Oh, I wrote a post a few years ago about dealing with nasty grout and caulk, if you need some tips. Recaulking bathtubs is seriously one of my favorite things to do. I even recaulked Evan’s bathtub the last time I was in Brooklyn—and if that’s not me being the best ex-wife in the world, then I don’t know what is.

I’m really happy to have a Componibili again! The one I bought years ago for $29 still lives in New York, and I’ve been missing it. Unfortunately I had to pay full price this time, but it’s worth it. They’re really perfect for bathroom storage. One section holds four rolls of toilet paper, another is for my hair dryer and straightening iron, and the third has epsom salts and various other bath sundries. I’ve never used the word “sundries” before. It sounds nice.

Speaking of baths, it’s really good to feel like I can take a bath again. I’m kind of picky about tubs, probably because I got spoiled by the clawfoot tub in Newburgh. I like cast iron tubs, and I need them to be deep. I also can’t handle looking at any mildew or other grossness while I’m soaking. I just can’t. So yes, this feels very good.

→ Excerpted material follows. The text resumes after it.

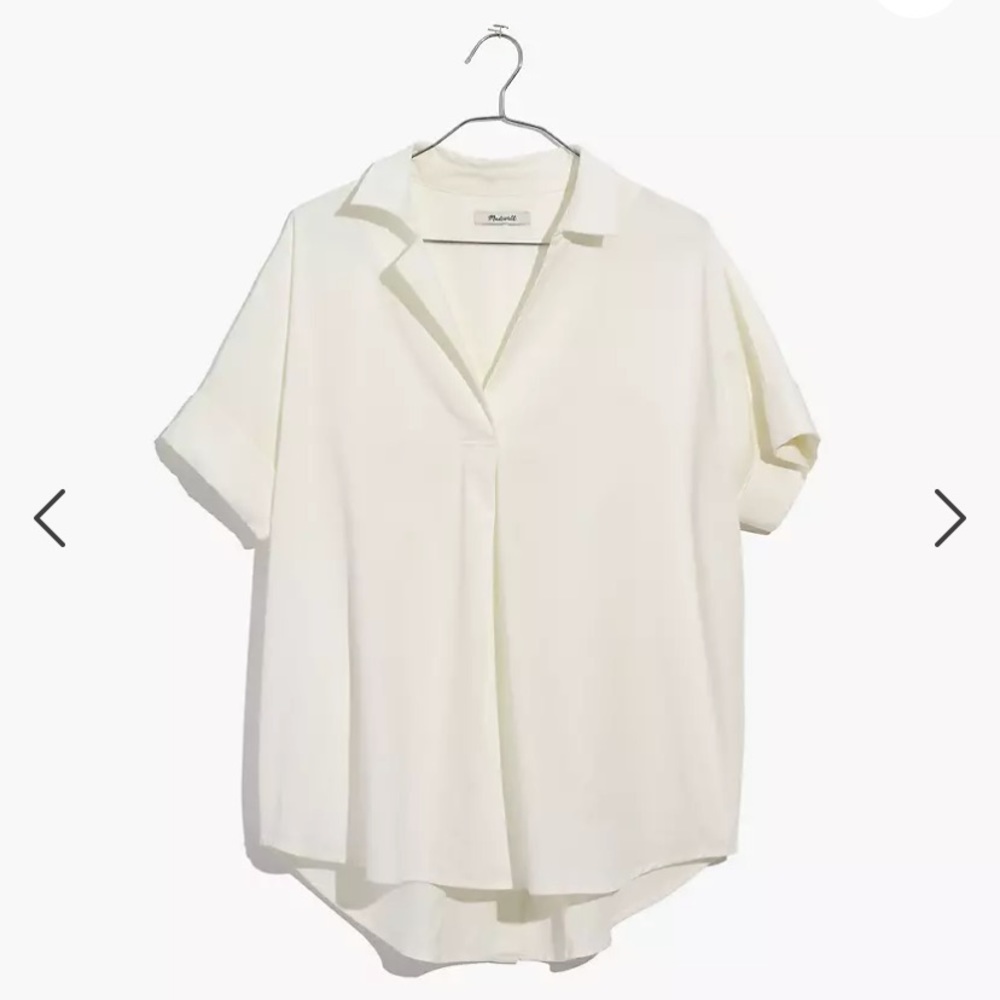 Courier Button-Back Shirt in Pure White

Vintage Bathroom Restoration - doorsixteen.com

So this is where I’m at! The walls have been repaired and repainted—that’s Valspar Paramount White with Du Jour on the trim (HUGE thanks to Lowe’s for the paint!!)—there’s a new toilet seat, the plumbing is nice and tight, the window got a coat of black paint, and the whole thing is looking good and clean and fresh. The cute little trash can is from Simple Human, the fakey-vintage clock is from Infinity Instruments, and the pink towels are from H&M.

Vintage Bathroom Restoration - doorsixteen.com

I’m still thinking about maybe putting up this gorgeous banana leaf-print removable wallpaper from Walls Need Love on the lower half of the walls, but I need to live with the white space for a while. I’ve also considered putting up some beadboard? I’m not sure. I need to get some plants and stuff in there and see. Right now I’m really enjoying how soft and serene it is, but I’m also kinda itching for some bold pattern. Maybe that should happen with the shower curtain instead? Hmmmm.